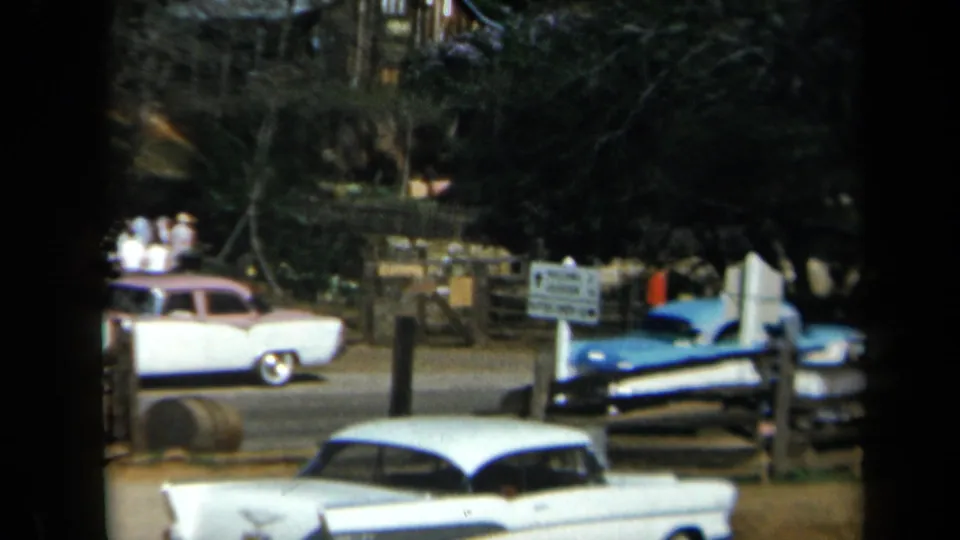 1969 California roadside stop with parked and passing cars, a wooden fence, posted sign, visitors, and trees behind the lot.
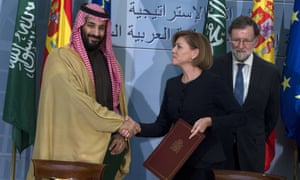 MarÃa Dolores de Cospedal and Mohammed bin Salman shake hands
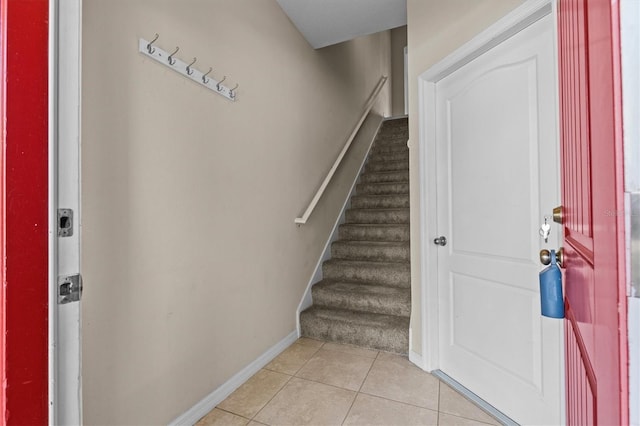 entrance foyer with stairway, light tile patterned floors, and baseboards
* * *
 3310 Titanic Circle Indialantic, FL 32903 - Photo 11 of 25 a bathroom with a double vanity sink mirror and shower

## Task statement
Only the lines above from the one containing "MarÃa Dolores de" through the one containing "entrance foyer with" should be returned, verbatim and inclusive, with pictures excluded.

## Task solution
 MarÃa Dolores de Cospedal and Mohammed bin Salman shake hands
 entrance foyer with stairway, light tile patterned floors, and baseboards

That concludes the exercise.